As KrebsOnSecurity reported at the time, this small ColdFusion botnet of data broker servers was being controlled by the same cybercriminals who’d assumed control over SSNDOB, which operated one of the underground’s most reliable services for obtaining Social Security Number, dates of birth and credit file information on U.S. residents.

Kivimäki was responsible for making an August 2014 bomb threat against former Sony Online Entertainment President John Smedley that grounded an American Airlines plane. Kivimäki also was involved in calling in multiple fake bomb threats and “swatting” incidents — reporting fake hostage situations at an address to prompt a heavily armed police response to that location.

Ville Tapio, the former CEO of Vastaamo, was fired and also prosecuted following the breach.

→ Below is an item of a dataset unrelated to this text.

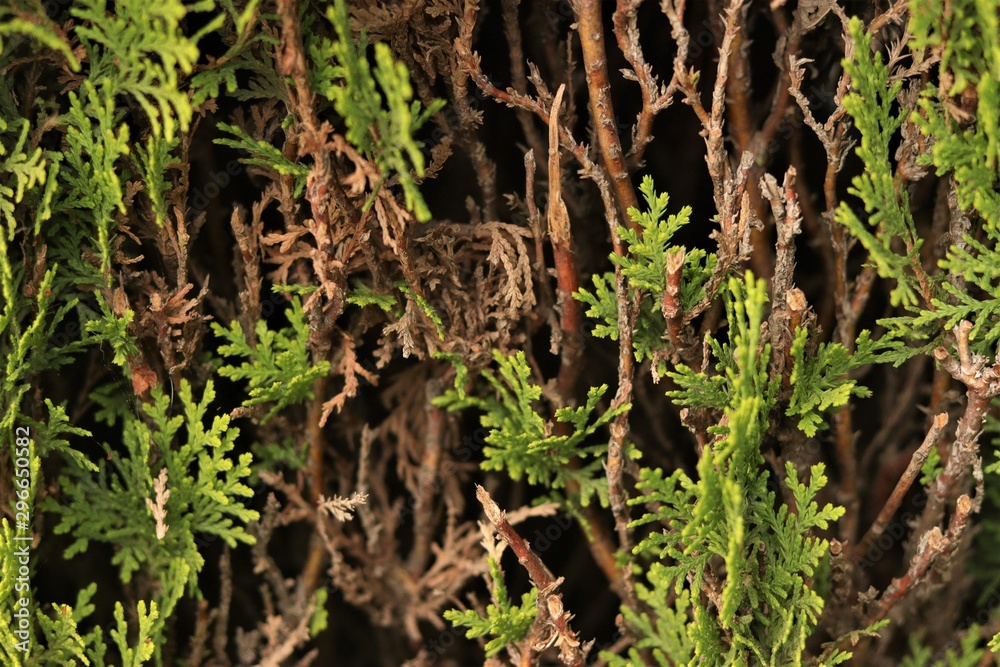 Pine Texture Pine Texture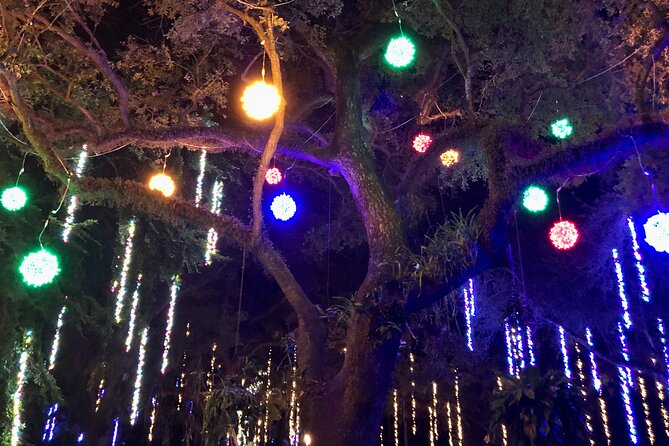 Flamingo Gardens' Garden of Lights - Music under the holiday lights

Ransom_man bragged about Vastaamo’s sloppy security, noting the company had used the laughably weak username and password “root/root” to protect sensitive patient records.

Investigators later found Vastaamo had originally been hacked in 2018 and again in 2019. In April 2023, a Finnish court handed down a three-month sentence for Tapio, but that sentence was suspended because he had no previous criminal record.